*Problem to work on*: Print all of the data exactly, but drop the pictures.

*Data*:
- - - -

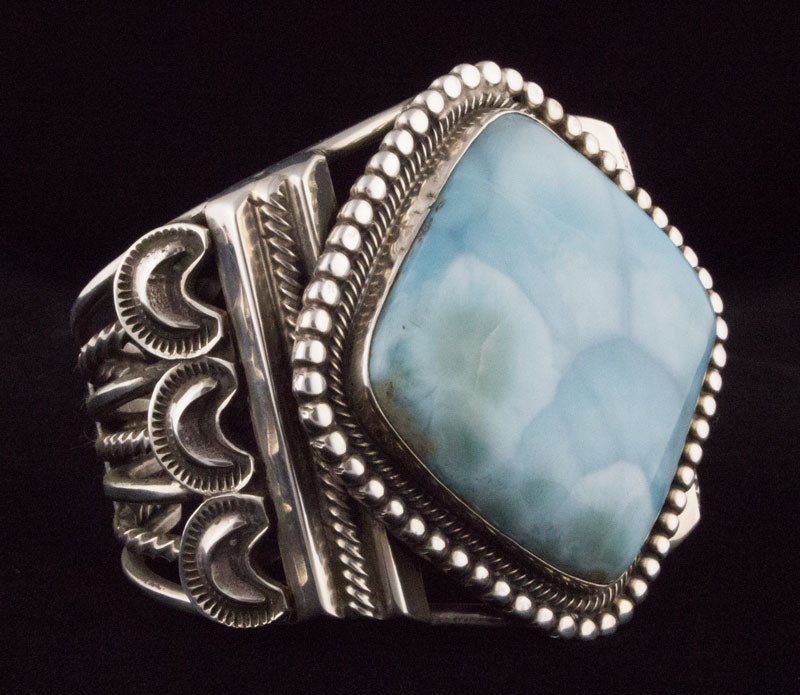 Natural Larimar Bracelet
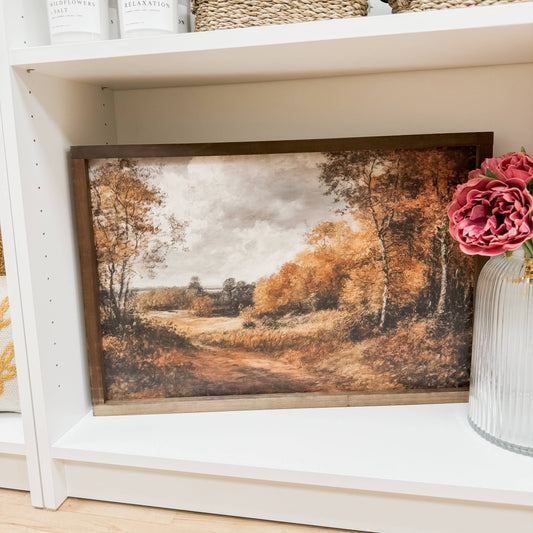 Harvest Road Print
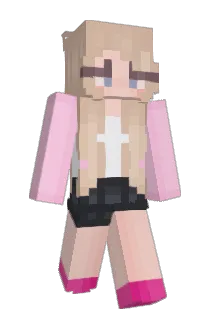 Caelestls Minecraft avatar full body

- - - -

*Reply to the exercise*:
 Natural Larimar Bracelet
 Harvest Road Print
 Caelestls Minecraft avatar full body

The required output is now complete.